An unfortunate incident sparks some hasty decisions, which require child widow Bhubonmoni to flee her village along with her brother, Krishnoshundor, and his family. The families’ naivete and desperation make them prime targets for an agent who promises them safety but instead sells them to a rich and wily trader, Nobokishore, as soon-to-be slaves to the British.
Chondronath a young musician moves to Calcutta with dreams in his eyes and a voice so mellifluous that it catches the attention of Nawab Wajid Ali Shah. While his voice enthralls others he is enthralled by Moti, the Nawabs daughter from his mistress and who is Nobokishore’s mistress, forced into prostitution due to lack of financial help. Chondronath makes up his mind to rescue this beauty.

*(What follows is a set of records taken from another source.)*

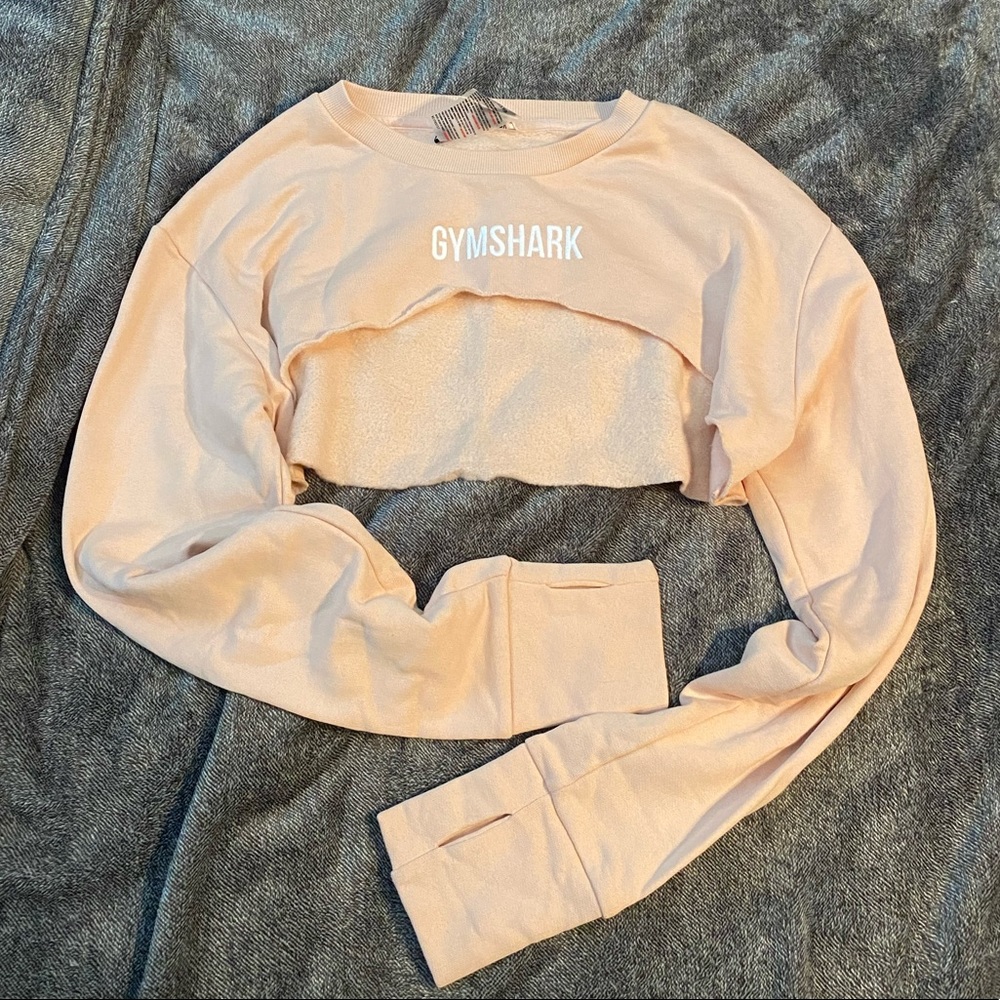 Gymshark Super Cropped Sweater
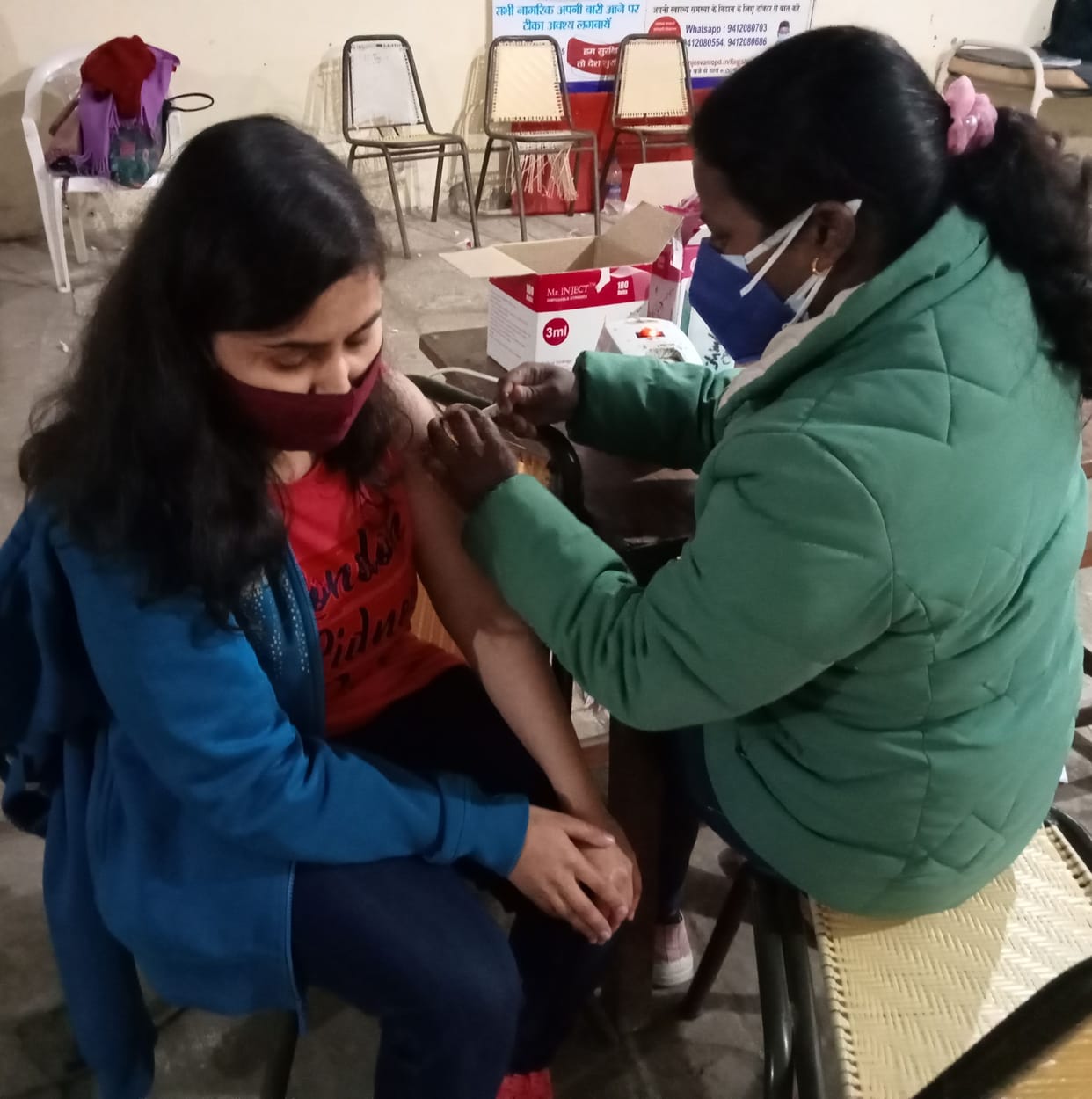 129 Corona Positive in Almora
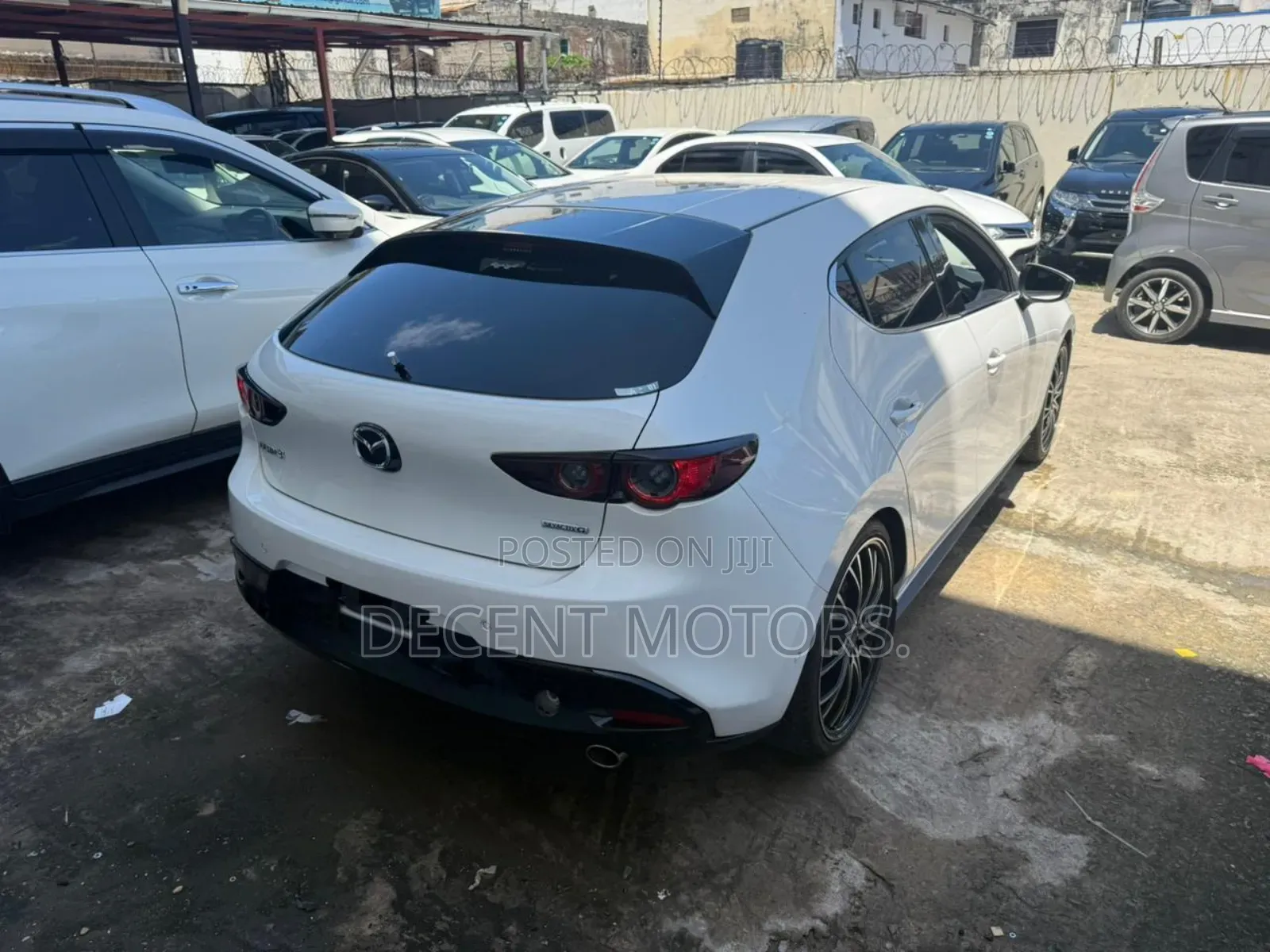 Mazda 3 2019 White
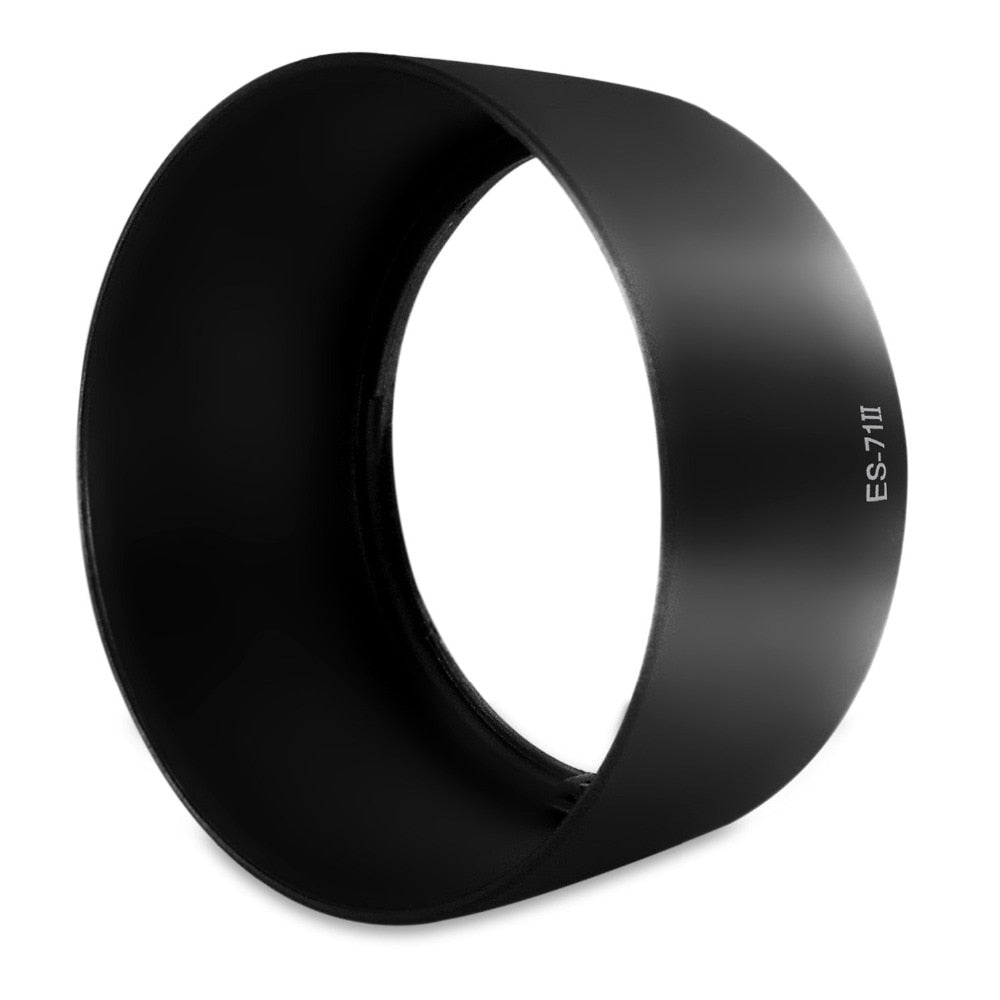 SIOTI Camera Lens Hood ES-71II for Canon EOS EF 50mm f/1.4 USM Lens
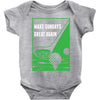 Make Sundays Great Again Shirt Baby Bodysuit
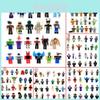 Colección de Figuras de Acción de Juegos Roblox Vibrantes de 24 piezas Perfecta para Regalo para Niños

Much married 52-year-old Nobokishore’s thirst for a son makes him follow his astrologer’s advice, of marrying a 10-year-old high caste girl, and he abducts both of Krishnoshundor’s young daughters for that purpose.
Different people in different places on journeys you go along as a fellow traveler.
What did I think of it?
Set in 19th century Bengal, Chronicles of the Lost Daughters is a story that holds many stories in its folds.
This historical fiction shines the light on the caste system, child marriage, child widows, and exploitation of women and the lower classes.
The Author uses her skillful storytelling and creates compelling characters you love, loathe, or want to see justice done to. All shades of life are depicted by the very many characters spread throughout the book. You see the protagonists struggle before they decide that the life they have been given will not be the life they will live.
There is a heavy price to pay for ignorance and education is the most important gift we can give to ourselves and others is the underlying lesson this book instills. This book also shows us that it is never too late to find the courage within, and build it till it is strong enough for you to use as a weapon against ignorance.
Wow or Not Now? I haven’t read the original book in Bengali, called ‘Narach’, which seems to have a cult following as does the author, Debarati Mukhopadhyay. However, kudos to Arunava Sinha for the smooth and riveting translation. The eye-catching cover, which looks like a painting, deserves a special mention.
What Else? The book is a heavy read, and by that, I don’t mean by the number of pages. It makes us realize that the freedom we have today, and take for granted, was made possible by the struggles of so many women who did not enjoy any of it.